**Activity:**
Your job is to give again, exactly and with no additions, the lines in the records below from the one with "fwee リップアンドチークグローイジェリーポット＆ブラーリープリンポット" through the one with "New 2026 Mercedes-Benz E 350 Sedan image 19", both included. Omit the pictures.

**Input:**

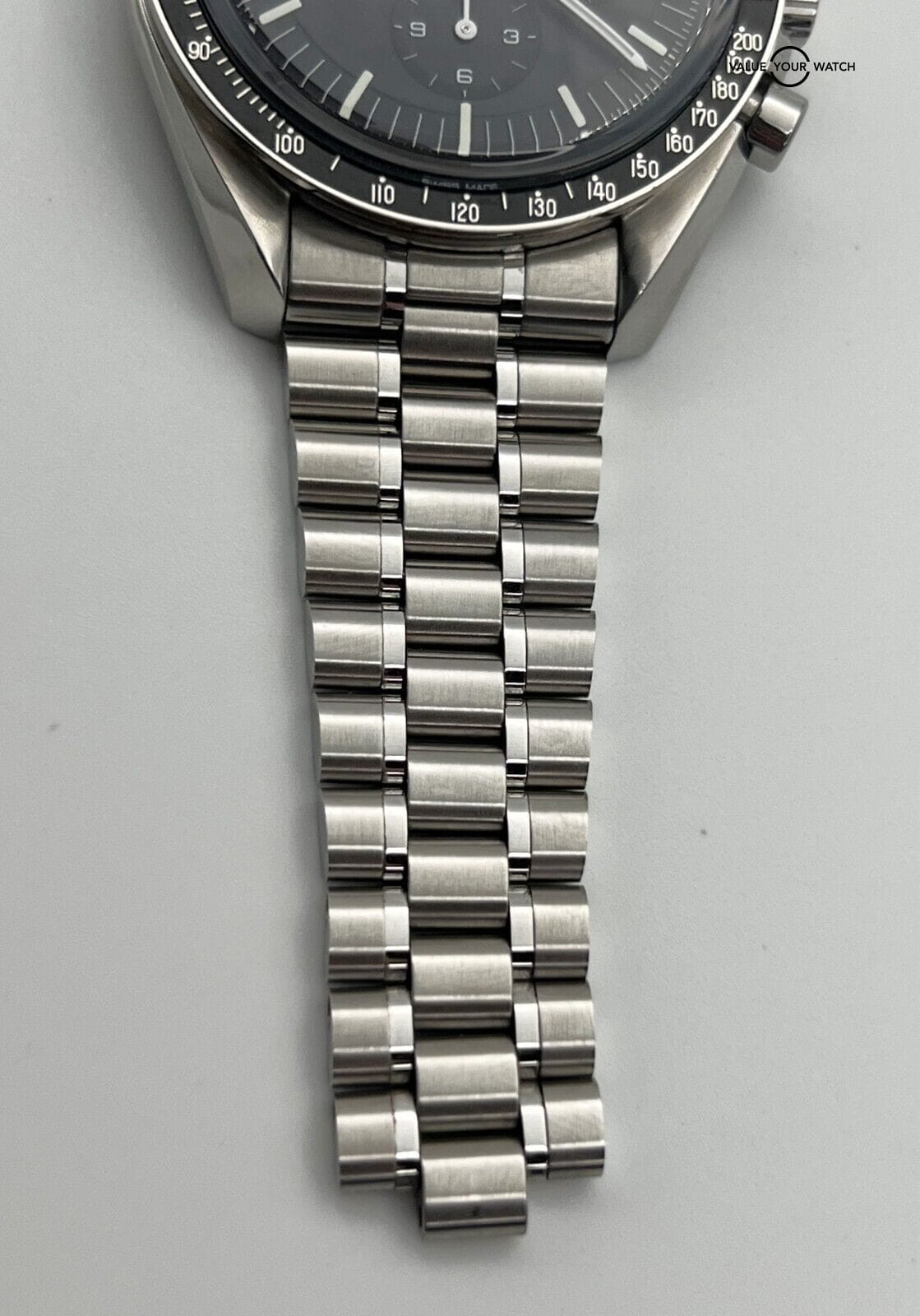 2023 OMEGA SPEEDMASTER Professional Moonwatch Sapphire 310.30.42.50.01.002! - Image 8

==

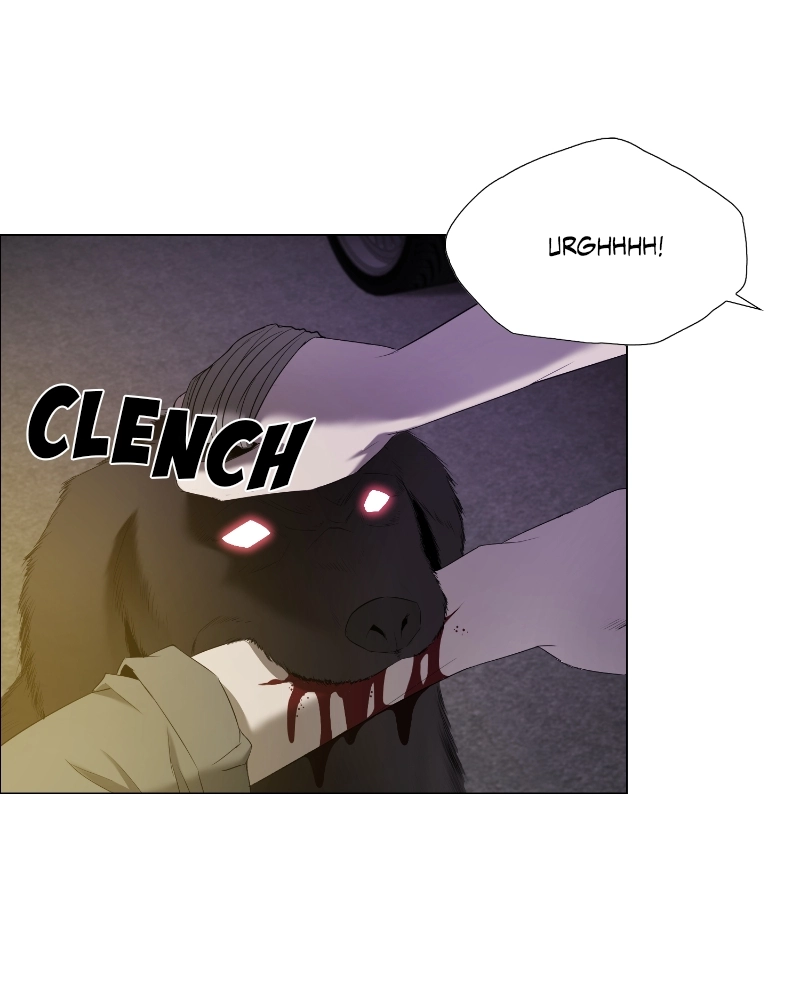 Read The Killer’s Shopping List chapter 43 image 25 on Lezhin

---

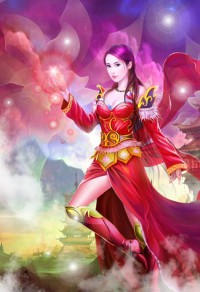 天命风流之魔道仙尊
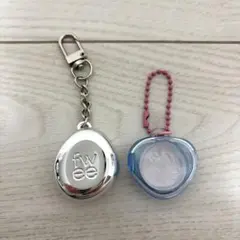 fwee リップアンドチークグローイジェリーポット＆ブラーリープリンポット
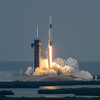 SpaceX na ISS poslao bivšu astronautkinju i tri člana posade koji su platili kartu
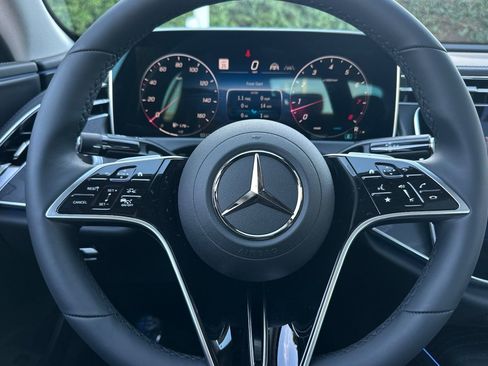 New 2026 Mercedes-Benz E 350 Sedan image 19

**Solution to this exercise:**
 fwee リップアンドチークグローイジェリーポット＆ブラーリープリンポット
 SpaceX na ISS poslao bivšu astronautkinju i tri člana posade koji su platili kartu
 New 2026 Mercedes-Benz E 350 Sedan image 19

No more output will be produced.